Dans un discours historique en mars 1993 devant le Parlement, le président Frederik de Klerk brise un tabou : le régime de l’apartheid avait mis au point un arsenal nucléaire et tout avait été démantelé avant la transition démocratique. Une révélation qui fait alors de Pretoria le premier et unique État au monde à s’être volontairement débarrassé de l’ensemble de son armement nucléaire.

Pourquoi l’Afrique du Sud a-t-elle voulu la bombe ?

Cette course discrète à l’atome s'est établie dans un contexte géopolitique tendu. Dès le milieu des années 1970, l’Afrique australe devient un terrain stratégique de la Guerre froide. Le retrait du Portugal de ses colonies en Angola et au Mozambique laisse place à des guerres civiles où s’opposent mouvements pro-marxistes, soutenus par Cuba et l’URSS, et forces conservatrices proches de l’Occident.

L’Afrique du Sud, isolée diplomatiquement à cause de sa politique de l’apartheid, se sent menacée. D’autant qu’elle subit un embargo sur les armes imposé par l’ONU dès 1977. Pretoria estime alors qu’une capacité nucléaire pourrait constituer un outil de dissuasion contre une intervention étrangère ou contre les régimes révolutionnaires voisins.

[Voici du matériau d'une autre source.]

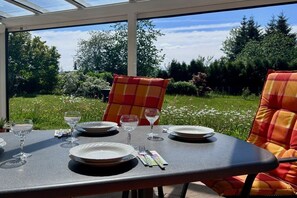 An outdoor dining area with a table set for two, surrounded by chairs with plaid cushions, and a view of a garden with trees and grass. - Uschi's Summer Garden (Wangen im Allgäu)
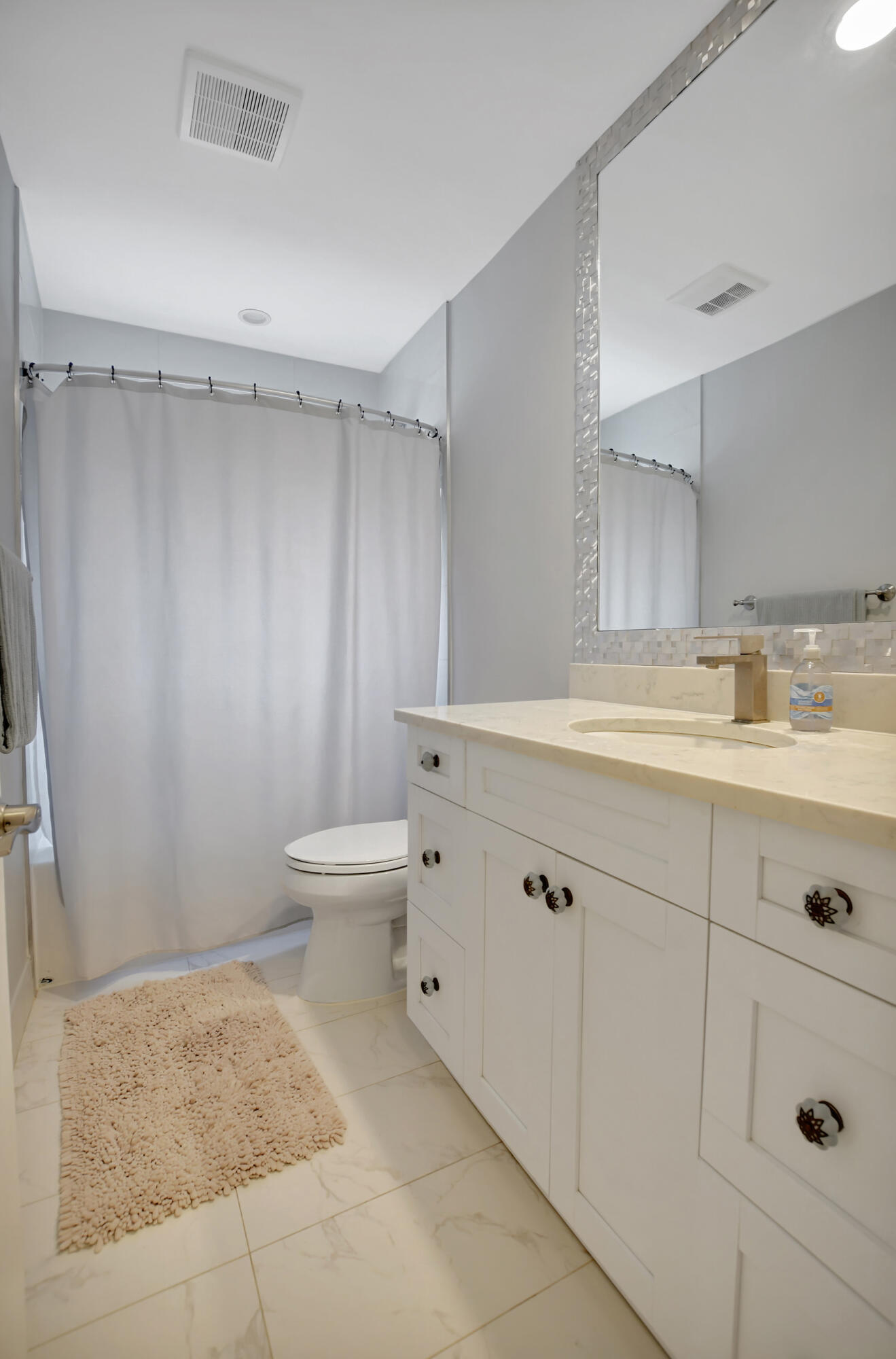 510 Silver Lane Boca Raton, FL 33432 - Photo 14 of 24 a bathroom with a sink a toilet and shower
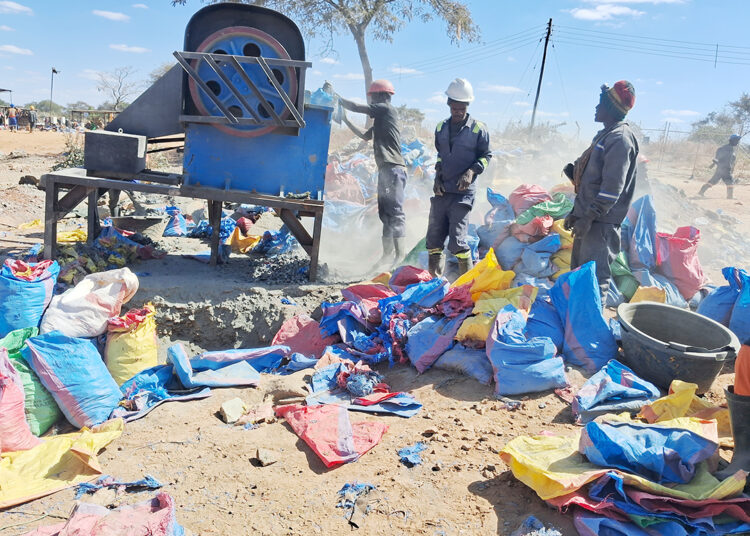 Three miners in hard hats operate a rock-crushing mill at a small-scale gold mining site, with dust rising and sacks of crushed ore piled in the foreground.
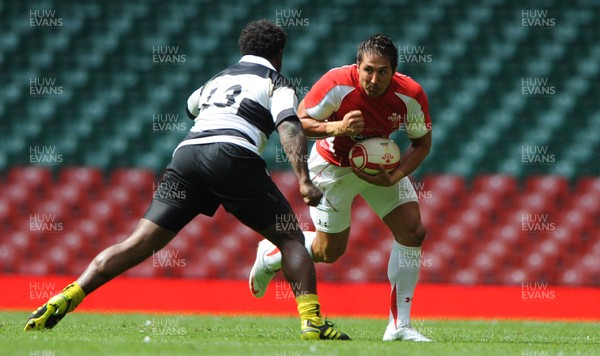 04.06.11 - Wales v Barbarians - DHL Challenge - Gavin Henson of Wales is tackled by Seru Rabeni of Barbarians. 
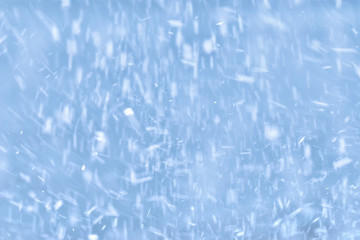 falling snow on a blue background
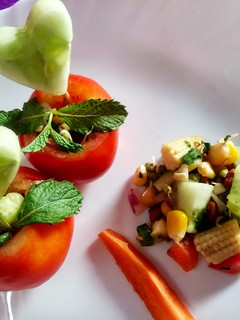 A picture of Tomato Cups Sprout Salad.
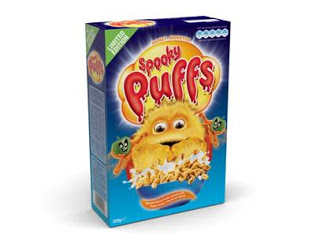 A cereal box labelled "Spooky Puffs" features a fluffy yellow monster with big eyes and two green creatures on each side. The blue box showcases Spooky Cereal pieces at the bottom for a fun breakfast treat.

Crédit : Ici, l'ancien président sud-africain, Frederik de Klerk en 2017//Flickr

La stratégie sud-africaine repose sur trois niveaux : entretenir l’ambiguïté, révéler son arsenal en cas de menace et, en dernier recours, effectuer un essai nucléaire, d'après les travaux du politologue Pierre-Paulin Dika et ceux de Stephen Burgess et Helen Purkitt.

Une coopération américaine, puis l’isolement

Le programme nucléaire sud-africain débute officiellement en 1948 avec la création de l’Atomic Energy Board. Dans les années 1960, les États-Unis livrent à Pretoria le réacteur SAFARI-1, censé servir à des usages civils. Un partenariat maintenu malgré l’opposition croissante à l’apartheid.

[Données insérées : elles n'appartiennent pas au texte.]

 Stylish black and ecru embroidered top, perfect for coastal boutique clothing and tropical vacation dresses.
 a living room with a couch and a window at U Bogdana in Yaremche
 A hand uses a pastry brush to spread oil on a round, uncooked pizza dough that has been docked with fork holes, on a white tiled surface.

Mais dès la fin des années 1970, la donne change. Sous pression du Congrès et du contexte international, Washington suspend sa coopération. En 1977, un essai nucléaire clandestin prévu dans le désert du Kalahari est déjoué grâce à des images satellites soviétiques et américaines. L’Afrique du Sud est alors contrainte de renoncer à toute démonstration publique de sa force de frappe.

Le désarmement : un acte politique et stratégique

Avec la fin de la Guerre froide et les accords tripartites sur le retrait des troupes cubaines d’Angola en 1988, Pretoria perd sa principale justification stratégique. En parallèle, le pouvoir blanc craint que cet arsenal ne tombe entre les mains de l’ANC, un parti anti-apartheid et de ses alliés, Cuba et la Libye en tête.

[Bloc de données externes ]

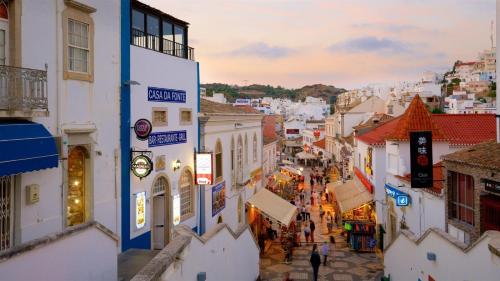 a group of people walking down a city street at Son of a Beach Hostel in Albufeira
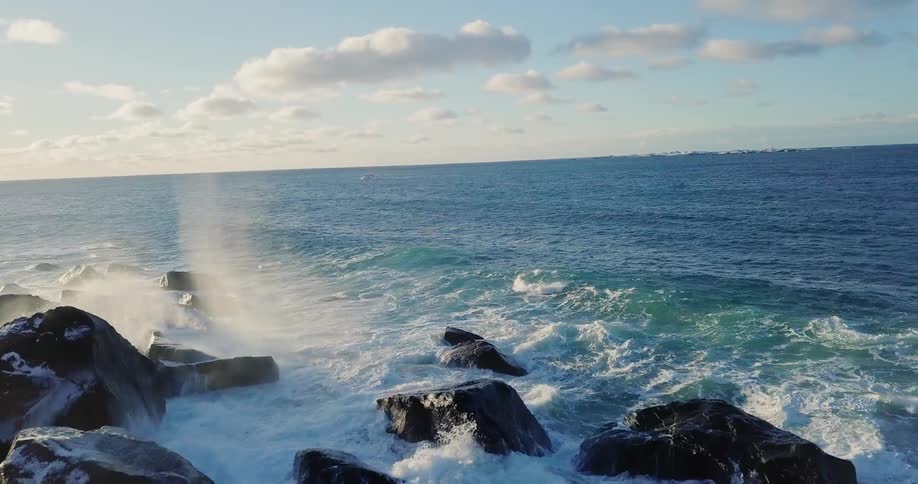 Ocean water splashes up high on large rocks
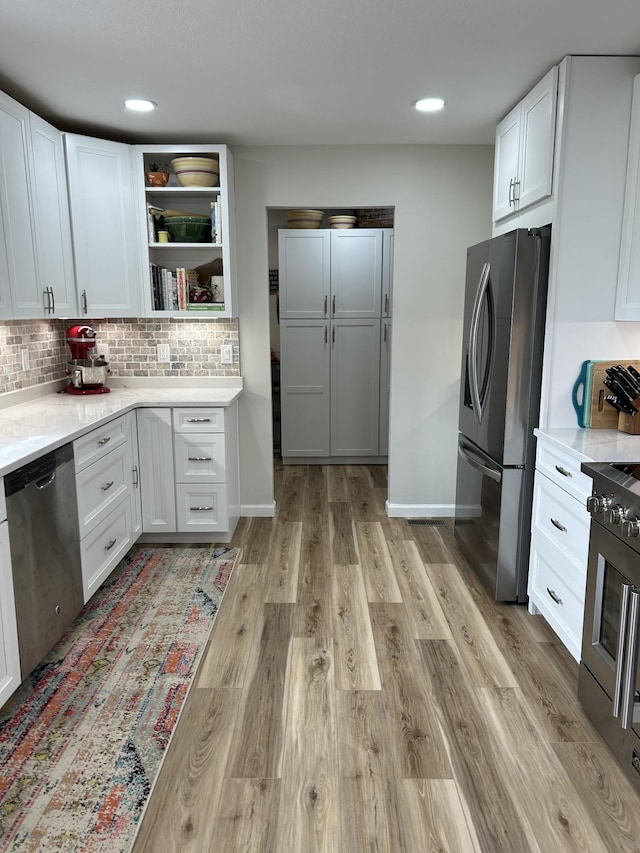 kitchen featuring light wood-style flooring, stainless steel appliances, white cabinets, light countertops, and backsplash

Dès 1989, sous le président Frederick de Klerk, le démantèlement est amorcé dans le plus grand secret. Les bombes sont démontées, les sites nucléaires fermés et l’uranium hautement enrichi déclassé. En 1991, Pretoria signe le Traité de non-prolifération nucléaire (TNP) et ouvre ses installations à l’Agence internationale de l’énergie atomique (AIEA).

Dans un discours à la nation, le chef d'Etat justifie ce désarmement : "La dissuasion nucléaire est devenue non seulement superflue mais un obstacle aux relations internationales de l’Afrique du Sud."

Le nucléaire civil : un héritage toujours sensible

Aujourd’hui, l’Afrique du Sud reste le seul pays du continent à exploiter une centrale nucléaire : Koeberg, près du Cap. Mise en service dans les années 1980, elle fournit environ 5% de l’électricité nationale. Une capacité modeste mais stratégique, dans un pays régulièrement frappé par des coupures de courant.

Le nucléaire sud-africain soulève cependant des critiques. D’un côté, il offre une alternative aux centrales à charbon, très polluantes. De l’autre, les projets d’extension sont jugés coûteux et risqués dans un contexte de crise énergétique et de gestion publique défaillante. Un partenariat controversé avec la Russie avait même été envisagé sous la présidence de Jacob Zuma, avant d’être annulé.

L’Afrique du Sud demeure aujourd’hui un cas unique : seule nation à avoir conçu, puis démantelé volontairement son arsenal nucléaire. Une décision dictée autant par des considérations stratégiques que politiques, dans un contexte international en mutation.